Le rendez-vous des civilisations

En croisant les indices de fécondité, le taux d'alphabétisation, les structures familiales et l'histoire, Emmanuel Todd et Youssef Courbage nous montrent dans Le rendez-vous des civilisations que les pays à risques ne sont pas nécessairement ceux que l'on croit.

Pour répondre à l'Américain Samuel Huntington qui a prédit une inéluctable confrontation entre l'islam et l'Occident (Le choc des civilisations, 2000), ils se sont penchés sur les caractéristiques humaines des différents pays musulmans.

Non sans parti-pris, ils en concluent que ces pays évoluent comme les autres et sont, pour la plupart, voués à s'aligner sur les standards occidentaux.

Un islam, des islams

Les auteurs soulignent en premier lieu l'extraordinaire diversité des sociétés musulmanes, en dépit du poids de la religion. Tout sépare par exemple le Yémen, encore très peu alphabétisé, avec une fécondité supérieure à six enfants par femme, de l'Iran ou de la Tunisie, où l'alphabétisation est massive, y compris chez les femmes, et l'indice de fécondité à peine égal à deux enfants par femme comme en France.

La diversité s'exprime aussi dans le statut social des femmes, qui semblerait bien davantage lié aux modèles familiaux préislamiques qu'à la religion elle-même. Dans le monde arabe (du Maghreb à l'Irak), l'endogamie prédomine (on se marie de préférence entre cousins) ainsi que la lignée paternelle. Avec pour conséquence, selon les auteurs, une structure familiale stable (pas de conflit entre belles-mères et brus, pas d'infanticide des filles). La polygamie concerne dans le monde arabe quelques pourcents des femmes.

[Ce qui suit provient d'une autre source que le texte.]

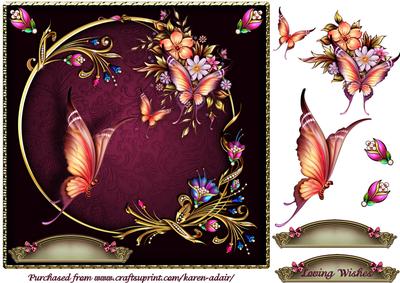 Bejewelled Butterflies 2 Square Card Front with Step by Step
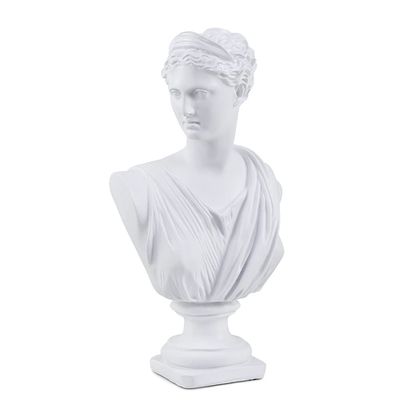 11.8 Inch Classic Greek White Athena Woman Bust Statue, Large Resin Roman Goddess Anna Sculpture for Home Dcor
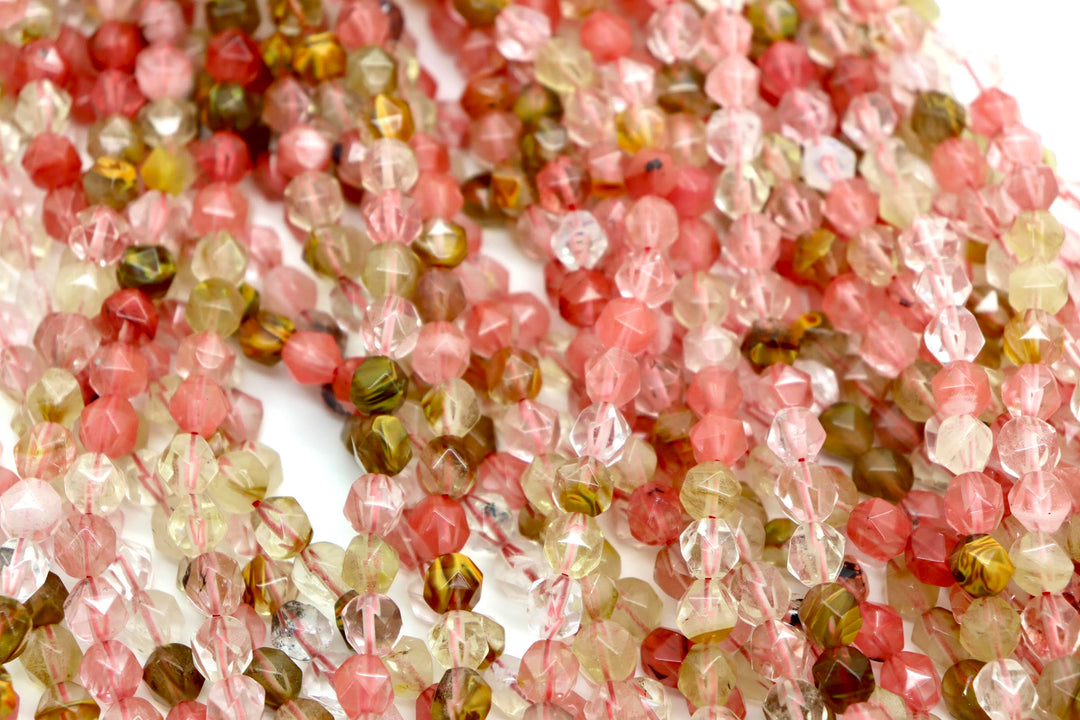 Semi-precious Natural Gemstones Star-cut Beads Strand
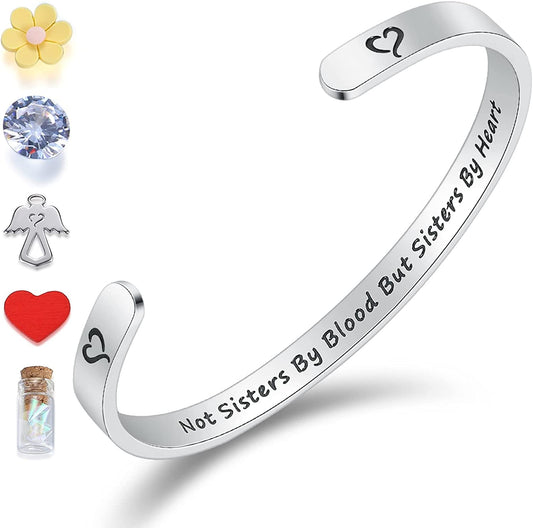 THEMEROL Meaningful Bracelet for Girls Women with Gift Box Birthday Gift for Daughter Sister Mother Best Friend Personalized Mantra Quote Jewelry Gift for Her Apparel & Accessories > Jewelry > Bracelets THEMEROL "Best Friend Gift-Not sisters by blood but sisters by heart  
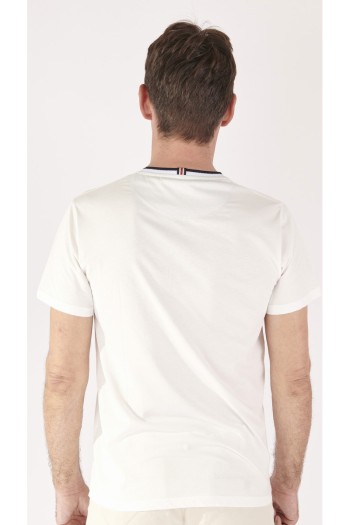 Tee-shirt blanc homme col rond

En Afrique noire, rien de tel. Un quart à la moitié des femmes vivent en ménage polygame mais d'une façon souvent très autonome, chaque coépouse disposant de sa propre case. Cette polygamie traditionnelle concerne aussi bien les populations musulmanes qu'animistes ou chrétiennes ! La fécondité reste élevée (cinq à huit enfants par femme) même si les démographes croient discerner les premiers signes de reflux.

En Malaisie et en Indonésie, c'est encore un autre monde. La prépondérance revient à la lignée maternelle. Les filles sont autant désirées que les garçons (on ne note pas d'infanticides ou d'avortements sélectifs comme en Chine ou en Inde). Les femmes tiennent leur rang dans la société et sont par exemple plus nombreuses que les hommes dans l'enseignement supérieur.

L'école, contraceptif efficace

Youssef Courbage et Emmanuel Todd insistent plus particulièrement sur l'alphabétisation : « La variable explicative la mieux identifiée par les démographes n'est pas le PIB par tête, mais le taux d'alphabétisation des femmes. Le coefficient de corrélation associant l'indice de fécondité au taux d'alphabétisation féminin est toujours très élevé... »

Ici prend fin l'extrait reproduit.